斎藤 里穂(さいとう りほ)は一人筆を走らせていた。

買ったばかりの真っ白なキャンバスに、絵の具を置いていく。

色を混ぜ合わせ、自分の満足できる色ができた時の高揚感は何物にも代えがたい。

また一つ、キャンバスの上で望んだ色ができる。

しかし、里穂は浮かない顔をしていた。

原因は今日の美術の授業。

美術があった日はいつもこうなる。

里穂はその時のことを思い返していた。

―――――――――――

「今日も上手だね。何をモチーフにしたの?」

美術の先生が話しかけてくる。

里穂はためらいながら答えた。

「リンゴを、モチーフにしました」

里穂の武器は独特な色使い。

だから一見、何を書いているのか分からない。

美術の先生は褒めてくれるが、里穂は自信が持てなかった。

―――――――――――

里穂にはこれと言って胸を張れることがない。

運動も勉強もからっきし。

褒めるとしたら、里穂が書く絵の色使いについて。

構図も陰影の付け方も、まっすぐな線を引けるわけでもない。

里穂はため息をついた。

絵を描くことは好きだ。

とりわけ、色を作ったり塗ることに関して、学校の誰にも負けないと自負していた。

……しかし、だからなんだというのだ。

里穂はいつの間にか筆を手から離していた。

里穂は今17歳。

つまり高校3年生。

進学するか、就職するか、真剣に考えなくてはいけない。

中学の時もそうだった。

ギリギリまで答えを出すことができない。

里穂は今にも泣きそうになった。


家に帰ると、両親が椅子に座っていた。

里穂も慌てて座る。

「どうしたの?」

聞いてみたものの、見当はついていた。

「里穂、進学したい?」

「…進学?」

「お金はあるよ。

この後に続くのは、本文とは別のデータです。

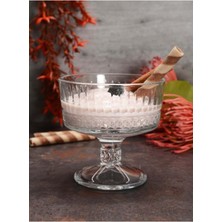 Bej 4'lü Kristal Ayaklı Tatlı ve Dondurma Sunum Kasesi Seti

一応ね」

「……」

里穂は黙った。

しばしの間、沈黙が続いたが、やがて母親が口を開く。

「貴方、昔から塗り絵が好きだったじゃない?私たちも、色々調べてみたのよ」

母親はそう言って、机の上に何枚かの紙を並べた。

里穂は1枚の紙を取り上げる。

「デジタルペインター?」

「それは…専門の学校に行った方がやりやすい職業ね。アニメなんかの色をつける人みたい」

里穂は黙ったまま、しかし、目線はその紙を見つめていた。

「こんな職業があったなんて、知らなかった…」

「どうしたい?」

「……私、これ、目指してみたいかも」

両親はほほ笑んだ。

結局里穂は専門の大学を目指すことにした。

里穂がこの先何になるのか。

答えはまだ、出ていないけど、里穂が買った新品のキャンバスは、すぐに沢山の色で埋め尽くされるだろう。